Il est probable que les chiffres 10, 50, 100, 1000 devaient correspondre autant que possible à ces divisions naturelles. C’est ce qui ressort de Deutéronome 1.13, où est décrite la manière dont Moïse procéda pour instituer les juges. En arabe une dizaine signifie une famille et le nom de milliers était chez les Juifs celui des branches de la tribu (Nombres 1.16 ; Michée 5.1).
On peut conclure de la distinction que Moïse établit au verset 22, entre les affaires qui doivent lui revenir et celles qui seront de la compétence des juges inférieurs, que c’était de l’importance des affaires que résultait le degré plus ou moins élevé du tribunal auquel elles étaient soumises. Le juge de l’ordre plus élevé fonctionnait sans doute aussi en cas d’appel de la sentence rendue par le juge d’ordre inférieur.

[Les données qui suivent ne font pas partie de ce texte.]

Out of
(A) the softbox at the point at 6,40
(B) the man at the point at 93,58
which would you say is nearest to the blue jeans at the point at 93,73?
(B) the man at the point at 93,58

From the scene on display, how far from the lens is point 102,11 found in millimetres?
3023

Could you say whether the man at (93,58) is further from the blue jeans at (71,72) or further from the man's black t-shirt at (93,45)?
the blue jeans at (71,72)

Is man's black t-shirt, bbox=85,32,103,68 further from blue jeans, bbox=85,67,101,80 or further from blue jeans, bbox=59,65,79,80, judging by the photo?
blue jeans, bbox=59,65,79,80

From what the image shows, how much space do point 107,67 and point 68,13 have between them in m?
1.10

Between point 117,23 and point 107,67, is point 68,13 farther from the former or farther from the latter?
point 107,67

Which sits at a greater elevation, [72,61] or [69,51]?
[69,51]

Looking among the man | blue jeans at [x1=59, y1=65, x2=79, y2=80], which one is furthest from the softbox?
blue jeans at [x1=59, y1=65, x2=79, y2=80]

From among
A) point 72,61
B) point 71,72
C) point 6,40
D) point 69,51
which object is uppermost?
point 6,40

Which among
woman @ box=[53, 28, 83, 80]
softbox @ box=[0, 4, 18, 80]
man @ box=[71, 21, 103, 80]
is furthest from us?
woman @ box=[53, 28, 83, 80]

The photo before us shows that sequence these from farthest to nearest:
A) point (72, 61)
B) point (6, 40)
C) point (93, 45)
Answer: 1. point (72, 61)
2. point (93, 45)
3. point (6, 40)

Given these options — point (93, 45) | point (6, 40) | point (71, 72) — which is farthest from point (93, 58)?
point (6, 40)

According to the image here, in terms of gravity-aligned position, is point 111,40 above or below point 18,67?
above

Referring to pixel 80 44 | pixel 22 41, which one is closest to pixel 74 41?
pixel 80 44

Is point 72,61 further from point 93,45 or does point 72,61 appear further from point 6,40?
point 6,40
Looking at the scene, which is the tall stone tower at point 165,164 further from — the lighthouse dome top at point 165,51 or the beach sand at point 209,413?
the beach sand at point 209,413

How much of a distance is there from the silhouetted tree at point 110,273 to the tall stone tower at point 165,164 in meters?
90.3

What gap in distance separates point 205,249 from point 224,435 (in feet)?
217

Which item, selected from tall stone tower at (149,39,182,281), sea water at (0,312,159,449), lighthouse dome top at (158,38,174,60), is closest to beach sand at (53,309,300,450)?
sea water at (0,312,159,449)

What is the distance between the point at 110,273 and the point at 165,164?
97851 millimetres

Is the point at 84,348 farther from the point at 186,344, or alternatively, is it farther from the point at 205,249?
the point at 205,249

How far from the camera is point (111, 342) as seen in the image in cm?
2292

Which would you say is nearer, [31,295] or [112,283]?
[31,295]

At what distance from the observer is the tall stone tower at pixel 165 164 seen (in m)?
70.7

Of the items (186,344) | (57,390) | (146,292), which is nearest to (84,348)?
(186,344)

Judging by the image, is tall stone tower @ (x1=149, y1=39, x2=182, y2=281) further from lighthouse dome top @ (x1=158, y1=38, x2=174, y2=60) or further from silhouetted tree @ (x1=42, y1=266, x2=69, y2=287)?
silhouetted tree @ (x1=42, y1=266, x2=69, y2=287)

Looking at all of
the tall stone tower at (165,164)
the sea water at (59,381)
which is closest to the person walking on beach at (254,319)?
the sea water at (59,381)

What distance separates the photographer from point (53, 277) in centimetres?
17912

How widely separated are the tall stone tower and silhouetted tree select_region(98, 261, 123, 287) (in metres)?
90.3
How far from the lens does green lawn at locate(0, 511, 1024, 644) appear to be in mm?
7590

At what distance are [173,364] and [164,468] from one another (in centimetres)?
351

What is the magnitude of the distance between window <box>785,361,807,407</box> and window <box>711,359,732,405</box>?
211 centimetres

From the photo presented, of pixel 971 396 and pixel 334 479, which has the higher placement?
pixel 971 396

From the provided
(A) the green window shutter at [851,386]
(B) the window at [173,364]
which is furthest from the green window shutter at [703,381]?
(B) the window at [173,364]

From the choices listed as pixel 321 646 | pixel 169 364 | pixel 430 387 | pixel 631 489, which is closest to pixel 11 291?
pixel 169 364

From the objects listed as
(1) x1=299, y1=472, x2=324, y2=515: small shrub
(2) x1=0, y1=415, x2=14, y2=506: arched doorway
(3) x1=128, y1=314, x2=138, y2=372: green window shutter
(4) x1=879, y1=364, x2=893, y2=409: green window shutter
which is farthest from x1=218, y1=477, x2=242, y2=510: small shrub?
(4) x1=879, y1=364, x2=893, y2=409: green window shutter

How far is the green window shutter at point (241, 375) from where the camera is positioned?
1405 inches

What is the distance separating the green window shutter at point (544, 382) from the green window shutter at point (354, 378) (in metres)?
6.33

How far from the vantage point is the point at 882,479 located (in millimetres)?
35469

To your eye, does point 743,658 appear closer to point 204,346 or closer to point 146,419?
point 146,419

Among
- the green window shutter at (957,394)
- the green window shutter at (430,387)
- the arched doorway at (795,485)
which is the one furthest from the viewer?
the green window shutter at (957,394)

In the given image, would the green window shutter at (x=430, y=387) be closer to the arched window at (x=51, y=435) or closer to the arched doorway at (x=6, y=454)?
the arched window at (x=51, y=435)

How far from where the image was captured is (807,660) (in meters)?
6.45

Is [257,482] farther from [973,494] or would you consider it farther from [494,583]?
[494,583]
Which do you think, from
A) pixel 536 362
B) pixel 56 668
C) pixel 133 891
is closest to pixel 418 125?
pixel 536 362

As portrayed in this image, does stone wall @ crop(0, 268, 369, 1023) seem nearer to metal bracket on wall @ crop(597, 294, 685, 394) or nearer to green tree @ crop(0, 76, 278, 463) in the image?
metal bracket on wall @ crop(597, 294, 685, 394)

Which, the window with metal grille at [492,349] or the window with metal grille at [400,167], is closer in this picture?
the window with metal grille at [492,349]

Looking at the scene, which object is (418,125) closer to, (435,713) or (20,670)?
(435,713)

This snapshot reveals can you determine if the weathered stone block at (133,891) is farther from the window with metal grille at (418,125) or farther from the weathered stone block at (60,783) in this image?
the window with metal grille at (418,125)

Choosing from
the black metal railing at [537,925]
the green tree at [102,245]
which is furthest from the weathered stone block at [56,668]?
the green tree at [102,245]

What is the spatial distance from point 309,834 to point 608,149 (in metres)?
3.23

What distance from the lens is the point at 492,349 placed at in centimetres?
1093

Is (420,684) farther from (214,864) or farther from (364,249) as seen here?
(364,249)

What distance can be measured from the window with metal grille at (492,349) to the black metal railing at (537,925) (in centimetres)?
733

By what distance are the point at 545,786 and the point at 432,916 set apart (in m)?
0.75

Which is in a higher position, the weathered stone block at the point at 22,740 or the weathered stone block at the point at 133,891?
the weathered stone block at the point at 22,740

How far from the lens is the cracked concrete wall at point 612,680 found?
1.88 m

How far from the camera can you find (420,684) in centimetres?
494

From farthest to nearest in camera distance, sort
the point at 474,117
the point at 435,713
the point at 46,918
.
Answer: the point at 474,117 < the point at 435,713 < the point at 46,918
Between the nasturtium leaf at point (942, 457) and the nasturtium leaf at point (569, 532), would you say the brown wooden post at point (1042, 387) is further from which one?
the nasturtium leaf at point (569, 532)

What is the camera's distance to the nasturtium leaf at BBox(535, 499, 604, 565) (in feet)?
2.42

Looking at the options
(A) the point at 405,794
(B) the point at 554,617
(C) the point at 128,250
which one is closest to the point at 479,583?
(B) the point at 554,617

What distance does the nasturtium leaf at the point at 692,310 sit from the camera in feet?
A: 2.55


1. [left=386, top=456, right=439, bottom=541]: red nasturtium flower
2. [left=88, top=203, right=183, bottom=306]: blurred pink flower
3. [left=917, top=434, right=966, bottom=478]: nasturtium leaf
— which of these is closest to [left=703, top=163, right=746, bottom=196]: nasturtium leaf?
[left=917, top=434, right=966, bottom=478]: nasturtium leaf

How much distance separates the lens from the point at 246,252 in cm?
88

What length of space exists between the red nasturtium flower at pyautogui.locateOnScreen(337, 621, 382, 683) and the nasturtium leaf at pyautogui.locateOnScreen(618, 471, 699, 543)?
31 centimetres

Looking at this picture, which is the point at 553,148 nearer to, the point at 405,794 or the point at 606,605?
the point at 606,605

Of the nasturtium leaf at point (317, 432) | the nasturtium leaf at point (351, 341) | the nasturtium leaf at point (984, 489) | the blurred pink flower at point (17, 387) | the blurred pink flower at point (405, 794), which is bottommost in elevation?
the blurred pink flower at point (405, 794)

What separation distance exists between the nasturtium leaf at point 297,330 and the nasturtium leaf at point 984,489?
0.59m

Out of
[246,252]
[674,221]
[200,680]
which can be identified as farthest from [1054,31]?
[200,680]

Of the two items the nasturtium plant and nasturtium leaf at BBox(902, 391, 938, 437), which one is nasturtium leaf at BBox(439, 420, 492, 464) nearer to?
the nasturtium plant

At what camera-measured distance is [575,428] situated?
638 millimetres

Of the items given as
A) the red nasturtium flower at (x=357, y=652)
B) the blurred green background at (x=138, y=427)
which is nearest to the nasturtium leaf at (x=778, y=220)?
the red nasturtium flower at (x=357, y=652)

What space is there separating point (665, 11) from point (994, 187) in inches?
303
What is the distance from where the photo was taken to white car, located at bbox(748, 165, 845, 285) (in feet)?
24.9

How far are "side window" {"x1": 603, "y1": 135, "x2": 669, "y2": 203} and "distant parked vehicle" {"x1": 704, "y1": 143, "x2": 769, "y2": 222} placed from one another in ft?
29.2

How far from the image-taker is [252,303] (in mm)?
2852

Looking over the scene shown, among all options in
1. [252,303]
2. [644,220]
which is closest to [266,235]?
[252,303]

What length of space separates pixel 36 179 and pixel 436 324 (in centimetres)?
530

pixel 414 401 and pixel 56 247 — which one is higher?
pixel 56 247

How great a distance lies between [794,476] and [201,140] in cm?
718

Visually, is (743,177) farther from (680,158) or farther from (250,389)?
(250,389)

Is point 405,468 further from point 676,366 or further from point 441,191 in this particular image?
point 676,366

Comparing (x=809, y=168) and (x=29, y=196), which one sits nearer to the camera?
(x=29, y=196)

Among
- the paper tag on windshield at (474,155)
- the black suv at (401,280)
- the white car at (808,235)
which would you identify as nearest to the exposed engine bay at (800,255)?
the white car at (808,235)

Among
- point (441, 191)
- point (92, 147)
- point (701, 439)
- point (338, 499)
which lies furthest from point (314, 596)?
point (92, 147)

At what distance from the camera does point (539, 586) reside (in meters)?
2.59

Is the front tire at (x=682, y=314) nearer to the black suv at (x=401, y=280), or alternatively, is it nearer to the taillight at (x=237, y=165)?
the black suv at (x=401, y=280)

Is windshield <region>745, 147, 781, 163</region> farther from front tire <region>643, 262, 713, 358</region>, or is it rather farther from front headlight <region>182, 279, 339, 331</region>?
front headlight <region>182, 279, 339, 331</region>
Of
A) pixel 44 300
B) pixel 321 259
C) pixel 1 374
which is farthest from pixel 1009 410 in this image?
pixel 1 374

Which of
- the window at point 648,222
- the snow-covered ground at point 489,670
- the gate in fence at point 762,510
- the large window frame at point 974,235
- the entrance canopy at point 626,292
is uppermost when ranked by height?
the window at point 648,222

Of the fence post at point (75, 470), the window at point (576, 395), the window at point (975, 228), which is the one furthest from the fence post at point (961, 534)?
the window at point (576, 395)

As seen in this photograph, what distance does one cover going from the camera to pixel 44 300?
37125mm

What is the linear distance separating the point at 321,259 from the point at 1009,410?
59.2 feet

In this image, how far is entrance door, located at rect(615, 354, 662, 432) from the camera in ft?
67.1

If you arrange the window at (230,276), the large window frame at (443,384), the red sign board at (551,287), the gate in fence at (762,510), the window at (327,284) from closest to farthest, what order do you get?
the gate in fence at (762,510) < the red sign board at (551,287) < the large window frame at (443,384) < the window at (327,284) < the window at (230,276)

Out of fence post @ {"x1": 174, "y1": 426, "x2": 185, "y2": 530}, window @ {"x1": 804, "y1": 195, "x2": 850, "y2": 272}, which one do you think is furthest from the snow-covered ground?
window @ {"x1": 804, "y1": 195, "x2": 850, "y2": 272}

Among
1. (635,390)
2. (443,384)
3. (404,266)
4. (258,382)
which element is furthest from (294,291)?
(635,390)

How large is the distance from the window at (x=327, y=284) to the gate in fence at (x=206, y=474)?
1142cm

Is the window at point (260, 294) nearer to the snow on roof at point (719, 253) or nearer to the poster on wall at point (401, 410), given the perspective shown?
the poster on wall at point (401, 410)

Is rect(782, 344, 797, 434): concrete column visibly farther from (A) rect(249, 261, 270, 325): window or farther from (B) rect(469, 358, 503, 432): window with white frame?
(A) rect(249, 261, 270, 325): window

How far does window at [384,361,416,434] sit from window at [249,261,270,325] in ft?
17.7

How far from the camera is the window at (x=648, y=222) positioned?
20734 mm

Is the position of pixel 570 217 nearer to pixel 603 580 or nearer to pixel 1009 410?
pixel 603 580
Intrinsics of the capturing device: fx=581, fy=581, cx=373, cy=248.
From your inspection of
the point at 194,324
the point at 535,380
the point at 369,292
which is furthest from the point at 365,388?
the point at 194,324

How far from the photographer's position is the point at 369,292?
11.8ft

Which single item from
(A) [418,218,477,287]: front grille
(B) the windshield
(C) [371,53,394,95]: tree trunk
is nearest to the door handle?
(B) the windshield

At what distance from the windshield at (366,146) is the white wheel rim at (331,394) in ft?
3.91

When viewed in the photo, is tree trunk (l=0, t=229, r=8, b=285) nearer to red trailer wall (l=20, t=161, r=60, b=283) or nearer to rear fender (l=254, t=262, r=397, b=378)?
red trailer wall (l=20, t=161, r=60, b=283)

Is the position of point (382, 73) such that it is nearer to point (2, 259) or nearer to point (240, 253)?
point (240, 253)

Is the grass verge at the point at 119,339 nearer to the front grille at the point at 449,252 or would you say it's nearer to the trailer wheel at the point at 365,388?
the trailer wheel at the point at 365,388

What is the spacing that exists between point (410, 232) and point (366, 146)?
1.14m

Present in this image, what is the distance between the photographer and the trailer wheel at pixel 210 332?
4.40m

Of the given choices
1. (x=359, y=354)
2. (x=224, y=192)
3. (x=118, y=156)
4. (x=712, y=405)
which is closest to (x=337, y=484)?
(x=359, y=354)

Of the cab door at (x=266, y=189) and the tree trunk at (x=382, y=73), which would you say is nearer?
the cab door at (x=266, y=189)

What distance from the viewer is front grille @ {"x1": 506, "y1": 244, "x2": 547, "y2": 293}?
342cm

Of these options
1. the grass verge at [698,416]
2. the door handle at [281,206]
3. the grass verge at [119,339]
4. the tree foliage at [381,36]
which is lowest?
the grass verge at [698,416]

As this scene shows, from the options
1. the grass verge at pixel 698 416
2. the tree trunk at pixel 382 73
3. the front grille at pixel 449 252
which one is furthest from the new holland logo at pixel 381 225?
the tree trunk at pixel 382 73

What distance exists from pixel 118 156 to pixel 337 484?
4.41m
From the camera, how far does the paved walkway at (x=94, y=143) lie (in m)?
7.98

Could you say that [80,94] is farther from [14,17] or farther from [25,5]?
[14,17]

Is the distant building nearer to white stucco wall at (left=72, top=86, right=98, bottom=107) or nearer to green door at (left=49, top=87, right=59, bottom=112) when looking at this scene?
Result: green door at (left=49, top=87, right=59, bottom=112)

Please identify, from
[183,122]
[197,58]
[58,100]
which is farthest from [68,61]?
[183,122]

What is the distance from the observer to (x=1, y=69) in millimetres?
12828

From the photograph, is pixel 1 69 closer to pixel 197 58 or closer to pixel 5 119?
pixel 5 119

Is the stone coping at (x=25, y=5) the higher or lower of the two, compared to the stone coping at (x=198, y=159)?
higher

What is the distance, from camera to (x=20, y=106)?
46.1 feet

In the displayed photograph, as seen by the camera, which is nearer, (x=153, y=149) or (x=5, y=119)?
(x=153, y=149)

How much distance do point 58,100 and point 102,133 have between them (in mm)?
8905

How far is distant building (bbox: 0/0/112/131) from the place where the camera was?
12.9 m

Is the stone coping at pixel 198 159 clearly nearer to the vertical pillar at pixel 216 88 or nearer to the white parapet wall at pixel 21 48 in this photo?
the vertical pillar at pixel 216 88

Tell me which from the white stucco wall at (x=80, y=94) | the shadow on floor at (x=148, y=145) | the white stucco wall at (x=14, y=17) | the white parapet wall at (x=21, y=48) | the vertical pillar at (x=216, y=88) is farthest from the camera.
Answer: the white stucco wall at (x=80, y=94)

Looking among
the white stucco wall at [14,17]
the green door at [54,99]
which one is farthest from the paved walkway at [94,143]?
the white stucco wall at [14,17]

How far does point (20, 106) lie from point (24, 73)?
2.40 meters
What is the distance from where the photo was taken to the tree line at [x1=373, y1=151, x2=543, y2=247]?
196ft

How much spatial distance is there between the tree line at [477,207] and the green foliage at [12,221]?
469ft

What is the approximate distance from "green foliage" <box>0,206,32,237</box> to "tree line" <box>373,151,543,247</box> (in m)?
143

Et que Dieu te donne des ordres. Jéthro n’a donné qu’un conseil ; pour que ce conseil devienne un ordre, il faut que, présenté à Dieu par Moïse, Dieu le ratifie.
Viendra en paix en son lieu. Plusieurs entendent par ce lieu la terre de Canaan où le peuple arrivera heureusement. Mais ce sens ne convient ni à la bouche dans laquelle ce mot est placé, ni au contexte. Le sens est déterminé par le verset 14. Le peuple ne sera plus obligé d’attendre là tout le jour ; l’affaire promptement réglée, chacun pourra retourner en paix dans sa tente.
Pour l’exécution de cette mesure, voir Deutéronome 1.13 et suivants. Moïse remit le choix des juges au peuple lui-même et ce fut lui qui les installa ; comparez Actes 6.3-6, la nomination des diacres par l’Église et leur installation par les apôtres. Cet acte ne put être accompli que pendant l’année passée au Sinaï. Nous voyons par Nombres 31.14 l’existence d’une organisation militaire semblable en Israël.
Après avoir donné ce conseil salutaire, Jéthro repartit pour le Midi, où il habitait (Exode 3.1, note), tandis que Moïse se remettait en marche pour le Sinaï.